Les chutes responsables d'un tiers des accidents mortels au travail

Un tiers des accidents professionnels mortels se produisent dans le contexte d'une chute, a ...
Les chutes responsables d'un tiers des accidents mortels au travail

Les chutes responsables d'un tiers des accidents mortels au travail

Photo: KEYSTONE/MAXIME SCHMID

Un tiers des accidents professionnels mortels se produisent dans le contexte d'une chute, a indiqué mardi la SUVA. Il ne faut pas sous-estimer les chutes de moins de 5 mètres de hauteur: elles ont entraîné la moitié des cas mortels liés à des chutes.
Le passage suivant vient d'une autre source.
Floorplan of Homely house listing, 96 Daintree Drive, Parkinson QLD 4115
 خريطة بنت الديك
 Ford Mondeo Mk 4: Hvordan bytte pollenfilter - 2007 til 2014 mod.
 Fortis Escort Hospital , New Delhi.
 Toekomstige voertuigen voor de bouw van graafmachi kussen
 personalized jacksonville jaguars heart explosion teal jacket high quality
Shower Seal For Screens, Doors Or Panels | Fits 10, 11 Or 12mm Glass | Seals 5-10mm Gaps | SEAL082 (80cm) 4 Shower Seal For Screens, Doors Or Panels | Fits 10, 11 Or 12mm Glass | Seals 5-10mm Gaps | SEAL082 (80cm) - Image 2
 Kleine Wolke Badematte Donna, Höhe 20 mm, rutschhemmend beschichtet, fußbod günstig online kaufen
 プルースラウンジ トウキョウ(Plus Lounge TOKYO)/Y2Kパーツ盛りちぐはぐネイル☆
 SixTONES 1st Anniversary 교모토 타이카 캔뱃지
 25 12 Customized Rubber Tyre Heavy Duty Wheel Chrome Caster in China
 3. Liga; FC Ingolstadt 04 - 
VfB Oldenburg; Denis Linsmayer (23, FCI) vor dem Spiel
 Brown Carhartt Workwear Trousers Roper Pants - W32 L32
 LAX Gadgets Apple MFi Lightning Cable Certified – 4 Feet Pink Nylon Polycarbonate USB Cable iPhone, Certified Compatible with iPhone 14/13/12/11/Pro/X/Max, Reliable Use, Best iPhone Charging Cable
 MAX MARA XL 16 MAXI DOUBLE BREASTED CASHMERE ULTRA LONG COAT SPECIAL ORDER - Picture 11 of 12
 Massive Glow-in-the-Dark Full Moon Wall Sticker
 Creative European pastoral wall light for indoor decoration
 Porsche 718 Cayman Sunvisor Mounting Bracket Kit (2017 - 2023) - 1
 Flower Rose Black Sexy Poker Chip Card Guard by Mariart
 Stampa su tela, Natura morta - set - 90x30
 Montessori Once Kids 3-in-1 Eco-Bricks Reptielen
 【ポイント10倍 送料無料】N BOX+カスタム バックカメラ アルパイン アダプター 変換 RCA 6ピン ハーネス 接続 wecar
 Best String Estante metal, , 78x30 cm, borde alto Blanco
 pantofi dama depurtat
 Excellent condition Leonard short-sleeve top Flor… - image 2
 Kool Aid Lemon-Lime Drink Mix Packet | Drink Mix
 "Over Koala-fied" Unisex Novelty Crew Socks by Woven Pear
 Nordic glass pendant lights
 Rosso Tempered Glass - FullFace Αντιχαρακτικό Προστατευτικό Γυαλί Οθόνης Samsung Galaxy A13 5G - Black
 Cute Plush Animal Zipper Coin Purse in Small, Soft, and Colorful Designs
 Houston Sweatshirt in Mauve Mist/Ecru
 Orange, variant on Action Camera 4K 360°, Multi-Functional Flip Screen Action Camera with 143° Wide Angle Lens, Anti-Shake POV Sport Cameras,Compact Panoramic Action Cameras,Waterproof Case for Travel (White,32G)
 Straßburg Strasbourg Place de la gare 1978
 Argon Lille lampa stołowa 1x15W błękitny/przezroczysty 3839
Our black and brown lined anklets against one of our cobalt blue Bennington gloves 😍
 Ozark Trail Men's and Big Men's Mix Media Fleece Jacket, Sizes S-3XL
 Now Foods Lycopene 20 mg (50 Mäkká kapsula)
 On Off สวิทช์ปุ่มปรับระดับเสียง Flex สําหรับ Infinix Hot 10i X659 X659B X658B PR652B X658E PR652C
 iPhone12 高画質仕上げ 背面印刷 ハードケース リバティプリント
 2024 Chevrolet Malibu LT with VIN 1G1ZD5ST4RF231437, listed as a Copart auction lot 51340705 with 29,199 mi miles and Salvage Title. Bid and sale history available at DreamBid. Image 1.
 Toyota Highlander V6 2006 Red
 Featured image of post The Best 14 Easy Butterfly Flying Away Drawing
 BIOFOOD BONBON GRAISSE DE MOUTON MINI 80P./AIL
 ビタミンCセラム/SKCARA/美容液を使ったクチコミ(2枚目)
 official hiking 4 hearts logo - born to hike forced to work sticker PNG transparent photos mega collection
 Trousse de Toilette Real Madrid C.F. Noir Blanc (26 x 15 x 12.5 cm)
Un travailleur qui tombe d'une hauteur inférieure à 5 mètres peut déjà souffrir de conséquences graves, comme par exemple des traumatismes cranio-cérébraux graves, entraînant décès ou invalidité. Lundi encore à Delémont, la police signalait la chute de 2,6 m du toit d'un garage d'un ouvrier de 47 ans. Il a été héliporté à Bâle, avec un pronostic vital engagé.

Cette conclusion ressort d'une analyse du Groupe de travail de mécanique des accidents (AGU). Sur mandat de la SUVA, ce dernier a réalisé des simulations de diverses chutes en variant leurs hauteurs.

Lors d'une chute de trois mètres de haut, il y a déjà un risque très élevé que la victime touche le sol la tête la première et souffre par conséquent de blessures cranio-cérébrales. Ce risque a tendance à être sous-estimé lors des chutes d'une faible hauteur, avertit la SUVA.

Impossible d'influencer l'impact

La hauteur de la chute influe en effet sur sa durée: tomber de 3 mètres de haut dure moins d'une seconde, a indiqué Markus Muser, de l'AGU. Et la personne qui tombe n'a pas de possibilité d'influencer l'impact, par exemple en essayant de retomber sur ses pieds ou de protéger sa tête ou son dos.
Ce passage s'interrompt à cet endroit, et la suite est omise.